Текст книги "Полное собрание сочинений в одном томе"
Автор книги: Николай Гоголь
Жанр: Литература 20 века, Классика
Возрастные ограничения: +12
сообщить о неприемлемом содержимом
Текущая страница: 91 (всего у книги 139 страниц)
Те же и Шрейдер (выглядывает в дверь).
Иван Петрович. Войдите, войдите; ничего, пожалуйте сюда. Что, это для доклада?
Шрейдер. Для подписания. Здесь отношение в палату и рапорт управляющему.

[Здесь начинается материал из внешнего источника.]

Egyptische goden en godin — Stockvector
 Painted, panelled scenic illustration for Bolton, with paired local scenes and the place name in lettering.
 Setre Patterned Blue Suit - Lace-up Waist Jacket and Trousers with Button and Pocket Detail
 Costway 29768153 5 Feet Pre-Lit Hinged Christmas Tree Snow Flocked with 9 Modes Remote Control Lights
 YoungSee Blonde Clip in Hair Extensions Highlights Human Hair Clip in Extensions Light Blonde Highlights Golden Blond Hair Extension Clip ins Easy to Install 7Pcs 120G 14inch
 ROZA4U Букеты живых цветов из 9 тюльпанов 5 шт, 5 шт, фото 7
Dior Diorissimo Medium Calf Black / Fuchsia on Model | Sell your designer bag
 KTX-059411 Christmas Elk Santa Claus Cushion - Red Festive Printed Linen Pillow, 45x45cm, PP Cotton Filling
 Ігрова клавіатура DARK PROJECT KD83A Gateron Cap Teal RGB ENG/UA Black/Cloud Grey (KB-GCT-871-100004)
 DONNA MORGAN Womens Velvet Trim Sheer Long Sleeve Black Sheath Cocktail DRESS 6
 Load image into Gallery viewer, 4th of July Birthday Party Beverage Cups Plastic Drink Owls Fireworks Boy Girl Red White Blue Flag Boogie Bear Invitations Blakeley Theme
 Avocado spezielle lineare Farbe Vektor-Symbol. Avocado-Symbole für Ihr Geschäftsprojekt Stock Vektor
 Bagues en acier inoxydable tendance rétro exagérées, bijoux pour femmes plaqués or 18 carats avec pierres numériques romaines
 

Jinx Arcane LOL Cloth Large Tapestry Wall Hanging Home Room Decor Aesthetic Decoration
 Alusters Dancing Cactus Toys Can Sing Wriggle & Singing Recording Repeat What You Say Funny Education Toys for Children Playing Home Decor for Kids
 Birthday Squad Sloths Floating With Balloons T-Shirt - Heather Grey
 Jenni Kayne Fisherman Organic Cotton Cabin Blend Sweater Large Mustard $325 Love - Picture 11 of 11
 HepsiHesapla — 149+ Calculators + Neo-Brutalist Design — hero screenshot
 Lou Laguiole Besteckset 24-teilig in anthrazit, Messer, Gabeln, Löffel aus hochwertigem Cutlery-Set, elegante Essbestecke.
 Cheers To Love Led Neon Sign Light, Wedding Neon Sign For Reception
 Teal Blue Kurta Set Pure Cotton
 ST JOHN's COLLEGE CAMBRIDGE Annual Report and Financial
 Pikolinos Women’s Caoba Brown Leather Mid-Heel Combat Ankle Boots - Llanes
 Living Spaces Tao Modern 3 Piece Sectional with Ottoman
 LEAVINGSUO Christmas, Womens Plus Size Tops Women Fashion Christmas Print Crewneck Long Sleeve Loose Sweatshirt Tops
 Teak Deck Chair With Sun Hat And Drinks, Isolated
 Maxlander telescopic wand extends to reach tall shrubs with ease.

Иван Петрович (между тем читает). «…Господину управляющему…» Что это значит? у вас поля по краям бумаги неровны. Как же это? Знаете ли, что вас можно посадить под арест?.. (Устремляет на него глубокомысленный взор.)
Шрейдер. Я говорил об этом Ивану Ивановичу: он мне сказал, что министр не будет смотреть на эту мелочь.
Иван Петрович. Мелочь! Ивану Ивановичу хорошо так говорить. Я сам то же думаю: министр точно не войдет в это. Ну, а вдруг вздумается?
Шрейдер. Можно переписать; только будет поздно. Но так как изволили сами сказать, что министр не войдет…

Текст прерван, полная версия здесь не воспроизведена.